Between this site and my podcasting on The Body Count, I’ve made no secret of my love affair with The Walking Dead comics. As far as extended-run, non-super hero comics go, I think it is the best series of all time. The psychology, the pathos, the existentialism, and, to be sure, the action and gore, all put the series high up the ladder. In fact, I’d say that the first 60 issues are as good as any long story arc ever seen in the comic world. And now we are on the cusp of having all that goodness turned into a well-budgeted television series made by talented people who have kept creator Robert Kirkman close and involved. It should be a no-brainer that The Walking Dead on AMC will blow our socks off like a close-up shotgun blast, right? Not so fast. I can see a number of reasons that The Walking Dead could come and go quickly, and, unfortunately, some of the risks are related directly to what makes the comics so good in the first place.

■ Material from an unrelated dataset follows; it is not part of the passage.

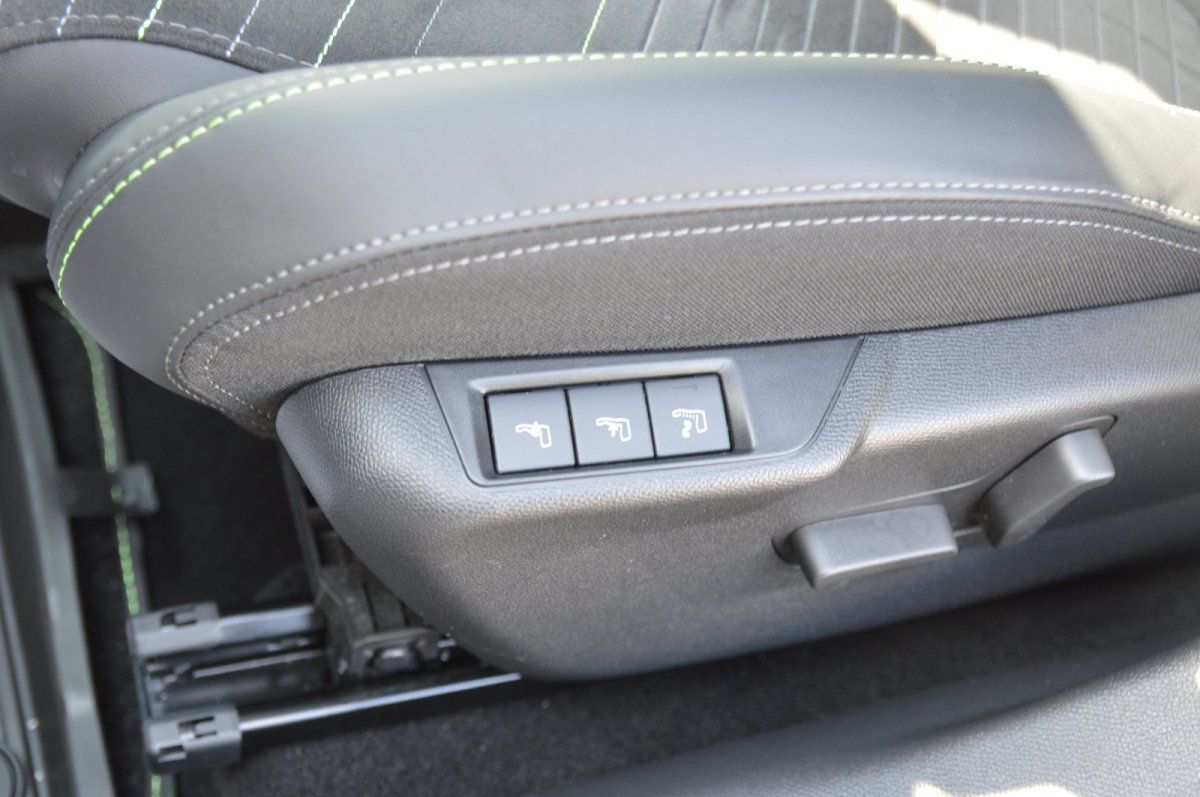 Fahrzeugabbildung Peugeot 2008   GT LED Shz Navi Alu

- They will focus on all the wrong things: This is my number one concern. Television, like film, is a predominantly visual medium. The Walking Dead is loaded with visual elements that will pop on the small screen—scary imagery, a post-apocalyptic landscape populated by zombies, and gore by the bucket full. However, none of that is the meat of the comic. More than any other horror comic ever written, The Walking Dead is a character study. If the production spends too much time trying to dazzle us with shiny objects and too little time exploring the layered psychological elements that power the story, the show will only appeal to people fascinated by shiny objects. That isn’t The Walking Dead comic book readership and it isn’t the AMC viewer that comes for classic films or Mad Men and sticks around to see what this new show is all about.

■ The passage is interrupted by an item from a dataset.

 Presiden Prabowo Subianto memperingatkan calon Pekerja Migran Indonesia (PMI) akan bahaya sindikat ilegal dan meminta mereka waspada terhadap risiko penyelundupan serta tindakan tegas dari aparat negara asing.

- There will be too much gore: Seriously. When I heard about the project, my first thought was, “They can’t do that on television.” It turns out “they” can. The question is, should they? Kirkman has been quoted as saying that AMC hasn’t flipped out over any of the gore they have seen in the dailies, and it is generally accepted that it is going to be like nothing ever seen on free television. That’s good for me, and maybe for you, but it isn’t good for building an audience of housewives and soccer moms that will be needed to keep the ratings up. If the show is done right, the story and characters are compelling enough to hold the attention of the Mad Men fans or anyone else that stumbles upon it while channel surfing, but not if they are so disgusted by the gore that they don’t give it a shot after the first episode. I think the show would be better off if they gradually ramped up the gore over the first season. The truly iconic violent images from the series tend to be toward the end of story arcs, so that shouldn’t be a problem. If they come out with all guns blazing, it will please horror hounds, but it might backfire with the larger audience.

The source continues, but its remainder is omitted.